Wednesday, January 18, 2012

The Cinderella Effect on Generation Next


I was browsing through some books at a book shop the other day, when my eyes fell on the ‘kid’s corner’ section to my left. There was a rack filled with several old, popular fairy tale books that I had read as a child and ‘Cinderella’ was among my favorites. The story’s popularity had tempted several film makers to make successful movies of it but Walt Disney’s version was the best.

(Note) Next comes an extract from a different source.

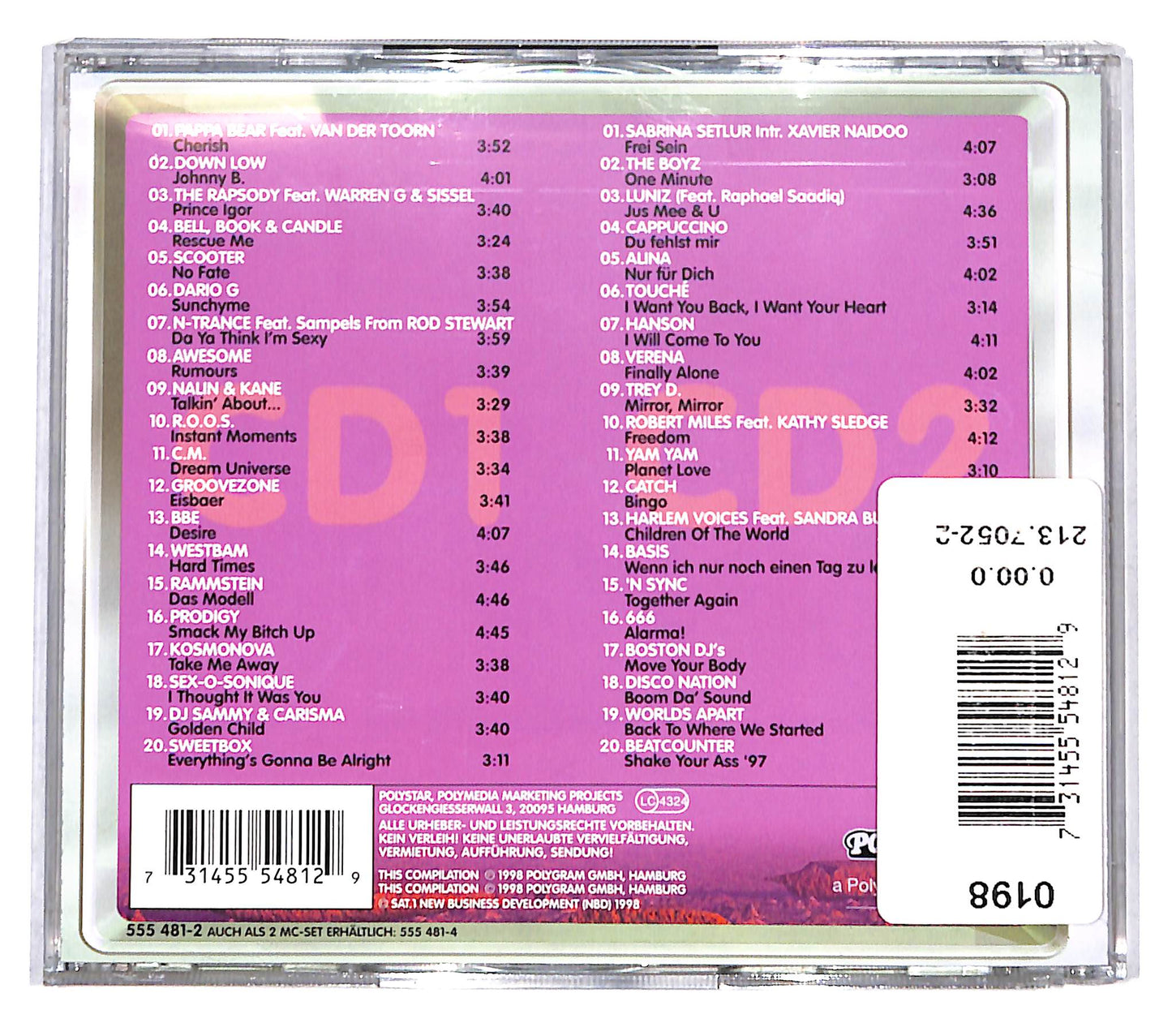 EBOND Various - Mega Hits 98 Die Erste CD CB070828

As I was leafing through the book and reading the story after maybe over two decades, I felt a sense of nostalgia for that ‘little innocent and naive girl’ in me who believed in ‘knights in shining armors’ and the ‘happily ever after'. Things were so different then. Girls married as a rule and wanted to raise a family although they secretly yearned for a prince to sweep them off their feet and whisk them off to a distant castle to live happily ever after. Sure, there were dedicated girls who wanted careers, but there were an exception, not a rule.

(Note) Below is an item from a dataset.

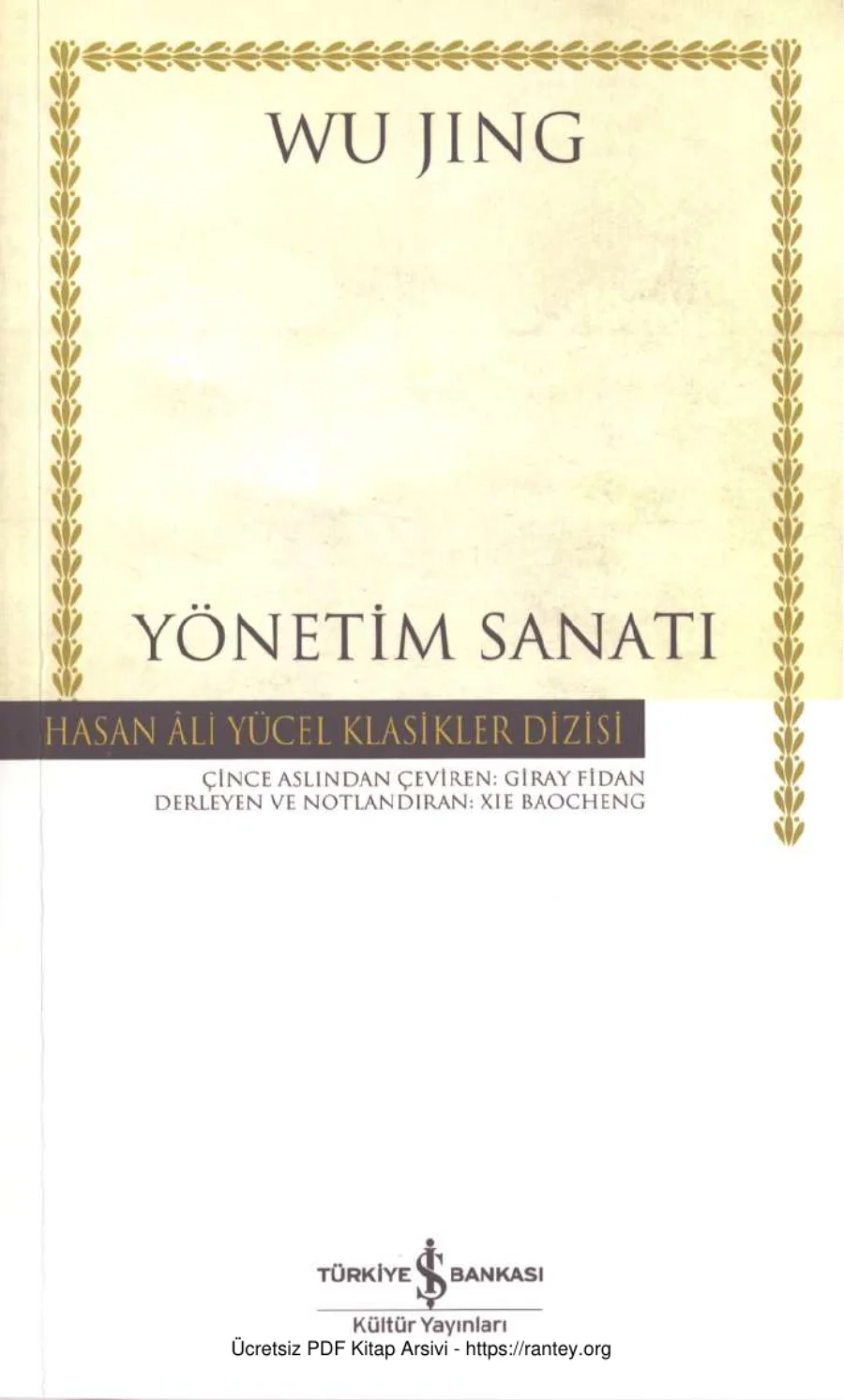 Yönetim Sanatı kapak görseli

Fast-forward to the present day and age, the current generation of liberated young people, who are very focused in their careers. They are a generation of achievers, tech-savvy, enthusiastic, aiming great heights with killer instincts to match. They interact more with appliances like mobiles, iPad, computers and other devices, than with humans, leaving them with poor social skills and aggressive tendencies.

Family bonds are deteriorating and going out together as a family has become a thing of the past. ‘Each to his own’ is the present norm. The young girls today, unlike our time, regard marriage as a means not an end and it is last in their list of priorities. They are more realistic about the practicality of fairy tale endings and analytical about the plot. They wonder if Cinderella was really excited to meet the prince or was she just keen to go to the ball and thrilled that she could outwit her stepsisters? After marrying the prince, did she really live happily ever after? Did he turn out to be a wife-beater or a sadist or a drug addict or even worse, a serial killer? Did she wish she was back where she came from, in her bedroom up in the attic, with the birds and other furry animals to wake her up every morning?

Back then, we never questioned fairy tales, preferring to lose ourselves in the story and believing that there was a ‘happy ever after’ and ‘true love’ forever. Maybe I’m being foolish but if you realize that true love need not be equated with perfect love, then you will certainly find your way to ‘happily ever after’.